##### PROVIDED DATA

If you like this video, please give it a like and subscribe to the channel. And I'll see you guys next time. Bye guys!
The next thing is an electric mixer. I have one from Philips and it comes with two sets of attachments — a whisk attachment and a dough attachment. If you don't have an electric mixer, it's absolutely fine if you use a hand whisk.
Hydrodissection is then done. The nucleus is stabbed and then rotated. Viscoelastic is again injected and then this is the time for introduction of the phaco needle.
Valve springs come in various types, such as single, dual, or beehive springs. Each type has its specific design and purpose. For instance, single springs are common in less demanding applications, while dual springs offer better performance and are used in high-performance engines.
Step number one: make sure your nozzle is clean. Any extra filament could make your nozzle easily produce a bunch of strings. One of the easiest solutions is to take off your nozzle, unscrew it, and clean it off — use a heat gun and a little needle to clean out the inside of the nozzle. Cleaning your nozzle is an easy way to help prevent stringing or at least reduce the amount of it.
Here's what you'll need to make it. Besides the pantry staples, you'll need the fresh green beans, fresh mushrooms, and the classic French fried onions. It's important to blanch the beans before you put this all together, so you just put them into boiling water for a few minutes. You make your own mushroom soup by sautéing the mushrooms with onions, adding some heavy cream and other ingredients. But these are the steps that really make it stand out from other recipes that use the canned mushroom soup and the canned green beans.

##########
##### PROVIDED DATA

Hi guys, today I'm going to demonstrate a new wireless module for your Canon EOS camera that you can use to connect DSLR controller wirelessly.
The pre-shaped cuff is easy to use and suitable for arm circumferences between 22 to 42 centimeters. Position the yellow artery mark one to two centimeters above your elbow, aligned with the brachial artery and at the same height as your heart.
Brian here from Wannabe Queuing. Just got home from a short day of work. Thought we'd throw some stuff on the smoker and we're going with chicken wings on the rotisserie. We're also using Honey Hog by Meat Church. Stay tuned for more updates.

##########

WHAT THE TASK REQUIRES - When the line with "If you like" is reached in the data above, start copying there, and copy each line exactly until the line with "The next thing" has been copied; copy nothing else.

ANSWER TO THIS TASK -
If you like this video, please give it a like and subscribe to the channel. And I'll see you guys next time. Bye guys!
The next thing is an electric mixer. I have one from Philips and it comes with two sets of attachments — a whisk attachment and a dough attachment. If you don't have an electric mixer, it's absolutely fine if you use a hand whisk.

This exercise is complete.